At the end, the brief “Stop” and the even briefer “They Took My Hand” are in playful, Mose Allison mode, the former undressing the tragedy of “Send In the Clowns” and the latter a rollicking Bob Marley salute.
“Fodder On My Wings” is not an album for casual listeners or day trippers but one which shows how clearly Simone could fold her inescapable anguish and raw honesty into her art. M. Ward,“Migration Stories” (Anti- Records) The borders delineating M. Ward’s “Migration Stories” come in terrestrial and celestial forms, with songs inspired by his grandfather’s journey from Mexico and California earthquakes, as well as family reunions taking place in other dimensions.
Recorded principally in Quebec with members and collaborators of Arcade Fire, the collection began as largely instrumental ballads, mostly hushed moods occasionally linked by similar themes or visions.

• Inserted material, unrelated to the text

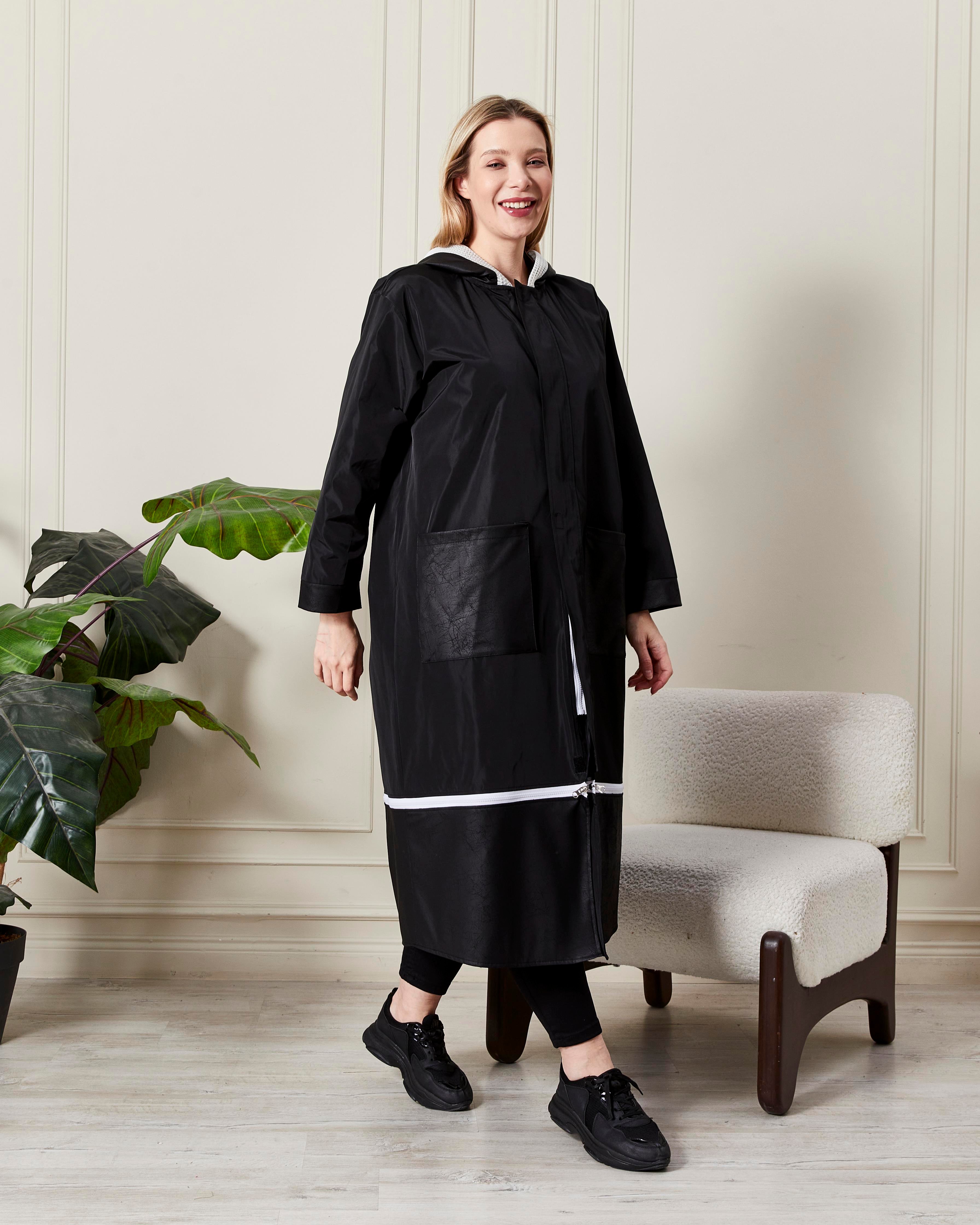 Modern Kesim Kapüşonlu Yağmurluk Siyah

Ward, whose career also has included roles in supergroup Monsters of Folk and — with Zooey Deschanel — in She & Him, filters reality through poetry, dreams and humane science fiction, alternating looks through grounded telescopes and microscopes in orbit.

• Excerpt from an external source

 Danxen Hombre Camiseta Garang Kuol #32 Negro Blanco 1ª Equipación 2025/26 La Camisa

“Unreal City,” referencing a dream about a “continental shake” and “the final tidal wave,” has the album’s nimblest rhythms and sunny backing vocals, tuning our satellite radio to the Soothing Sounds of the ’70s channel amid the calamity.
Opener “Migration of Souls,” with striking vocals from Irish duo The Lost Brothers, has a transcendent focus, while its sister track, “Heaven’s Nail and Hammer,” echoes the atmosphere of the Cowboy Junkies at their most delicate. “Coyote Mary’s Traveling Show” sounds like the result of a fragile Sun Records session.
Ward considers “Chamber Music” and “Torch,” another exception in its sprightliness, also to be connected, and says that while he can’t reveal the poem that may have transformed guitar instrumental “Stevens’ Snow Man,” the words “may be useful in the middle of a drought or winter or pandemic.” If we only knew.